O livro “A nova Frente Nacional: Estudo da nova linha do partido através dos discursos de Marine Le Pen”, da autora francesa Elodie Trojanowski, nos oferece uma análise sobre as mudanças dos discursos do partido de direita radical francês Frente Nacional, após a sucessão da presidência do partido por Marine Le Pen. Para tanto a autora também analisa a mudança da linha política desenvolvida por Marine Le Pen. A obra é fruto da sua dissertação de mestrado em jornalismo, porém sua pesquisa se enquadra dentro do âmbito das ciências políticas. Seu mestrado foi desenvolvido na Universidade Católica da Lovaina2, localizada no interior da Bélgica. Seu livro, composto de 118 páginas, foi publicado pela Editora Universitária Europeia3 em abril de 2014.

Para tanto, a autora estabeleceu um método rigoroso de estudo quando escreveu sua obra, a partir da crítica aos discursos oficiais do partido, como também a seleção de diversas entrevistas concedidas por Marine Le Pen, de vídeos postados no site da Frente Nacional e discursos de Marine Le Pen durante a as eleições presidenciais francesas em 2012. Elodie Trojanowski buscou em sua pesquisa analisar individualmente cada um dos discursos proferidos por Marine Le Pen e separa-los pelas novas temáticas escolhidas pela líder da FN, procurando traçar um paralelo com a antiga linha discursiva do partido, liderado por seu pai Jean-Marie Le Pen.

Tal investigação mostra-se relevante e pertinente para os estudiosos das ciências políticas, como também de extrema importância para os historiadores especializados na direita radical europeia, uma vez que, como a própria autora salienta na Introdução da obra, por se tratar de um fenômeno recente, em pleno acontecimento – enquadrado por nós historiadores como pertencente a história do tempo presente – ainda há poucos estudos que procuram investigar a mudança ideológica e discursiva da atual direita radical no século XXI.

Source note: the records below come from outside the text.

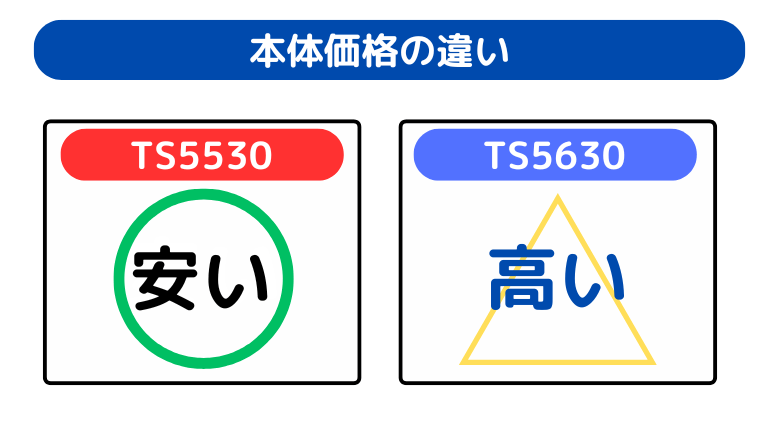 本体価格の違い(TS5530が安い)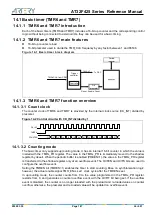 Preview for 187 page of ARTERY AT32F425 Series Reference Manual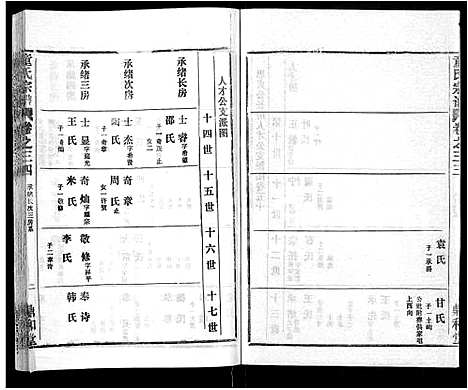 [童]童氏宗谱_46卷 (湖北) 童氏家谱_二十二.pdf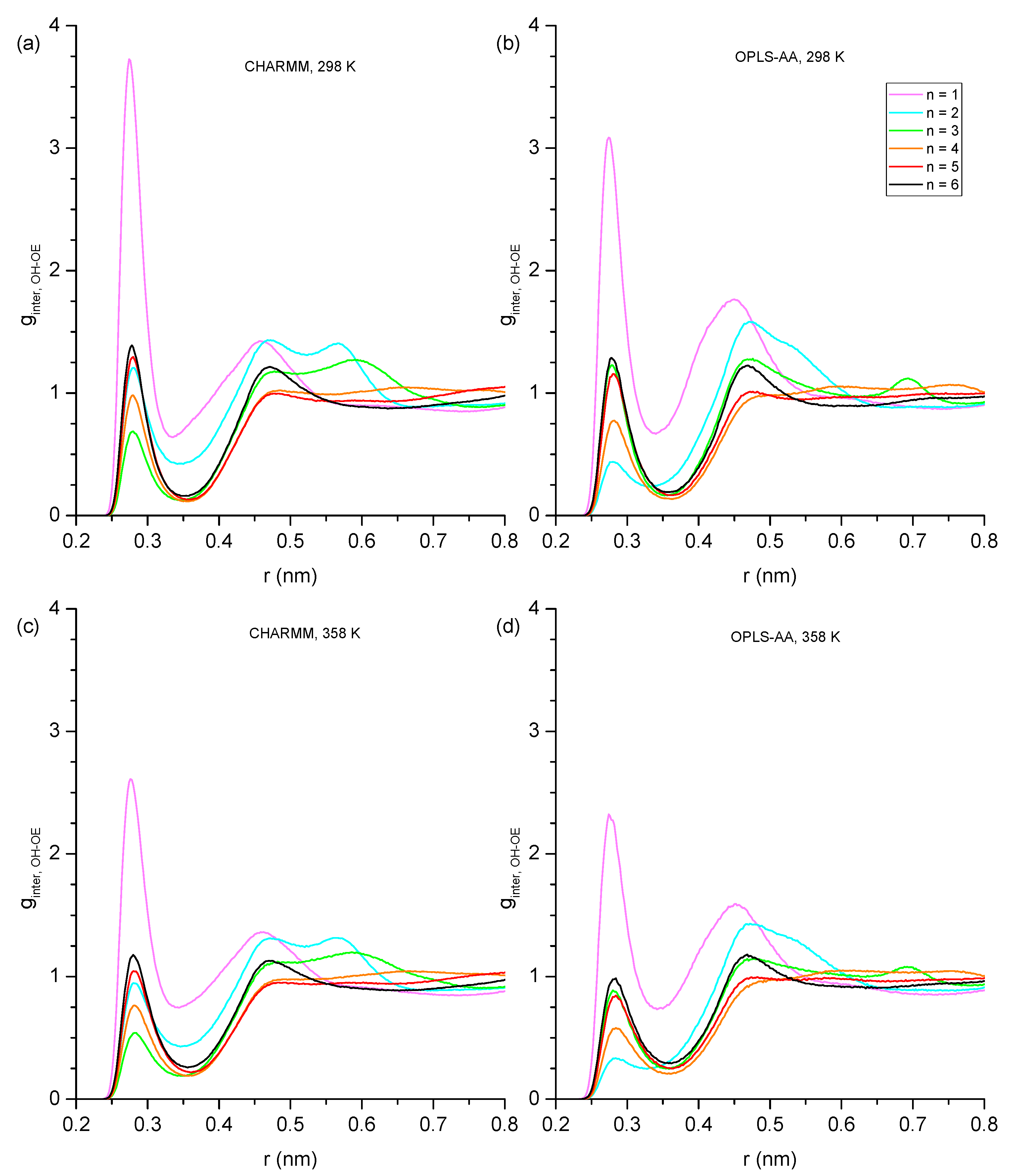 Molecules 30 02456 g009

O recorte de pesquisa escolhido pela autora, se enquadra no período em que a presidente do FN, Marine Le Pen ascendeu a presidência do partido em 2011, quando venceu seu adversário Bruno Gollnisch no Congresso Nacional do partido. Após vencer as eleições Marine Le Pen colocou em prática um projeto de desdiabolização da FN. Esse método consiste em um processo de transformação da imagem do partido, que outrora – durante quatro décadas da existência da agremiação política – esteve intrinsicamente ligado às práticas xenófobas, racistas e antissemitas. Nesse sentido Elodie Trojanowski trabalha para analisar se esse âmbito de mudanças da FN na figura de Marine Le Pen, acontece apenas no nível discursivo, se ele é inventado para definir uma nova identidade ou se existe uma ruptura real com as antigas concepções radicais, se elas são concretas.

A obra nesse percurso de investigação se coloca na posição de estudar comparativamente a ideologia desenvolvida pelo FN. Através de uma análise de discursos políticos da Presidente da Frente Nacional, o estudo é feito de forma detalhada, buscando nos discursos as palavras de ordem, como elas são colocadas, como as novas temáticas adotadas pelo partido são apresentadas e manipuladas para terem efeito positivo e atraírem votos para a FN. E como a partir dessa nova leitura da conjuntura e a nova linha discursiva da Frente Nacional se destaca o abandono de determinados temas e sua substituição por novos bodes expiatórios, como a União Europeia e a imigração muçulmana, por exemplo. A autora relativiza como a Marine Le Pen utiliza o contexto de crise econômica, social e política da França, para aumentar sua base eleitoral e como o partido tem diminuído seu tom agressivo e extremista, se diluindo em uma posição próxima a direita nacionalista. Desta forma a autora se dedica a fazer um levantamento do novo vocabulário desenvolvido por Marine Le Pen e cria um banco de dados contabilizando o uso dessas palavras e o quanto elas aparecem e permeiam grande parte dos seus discursos.

A criação do partido Frente Nacional foi inspirada no sucesso eleitoral do partido neofascista italiano Movimento Sociale Italiano (MSI). O início do partido começou com grupos distintos, incluindo membros do governo de Vichy, opositores do general de Gaulle, membros do movimento Poujadista, neofascistas, militantes da Federação dos Estudantes Nacionalistas, militantes do Jovem Nação e ativistas que não possuíam vinculo partidário mas simpatizavam com a ideia de organizar um partido de extrema direita. O início da FN começou sob liderança de Jean-Marie Le Pen e François Duprat.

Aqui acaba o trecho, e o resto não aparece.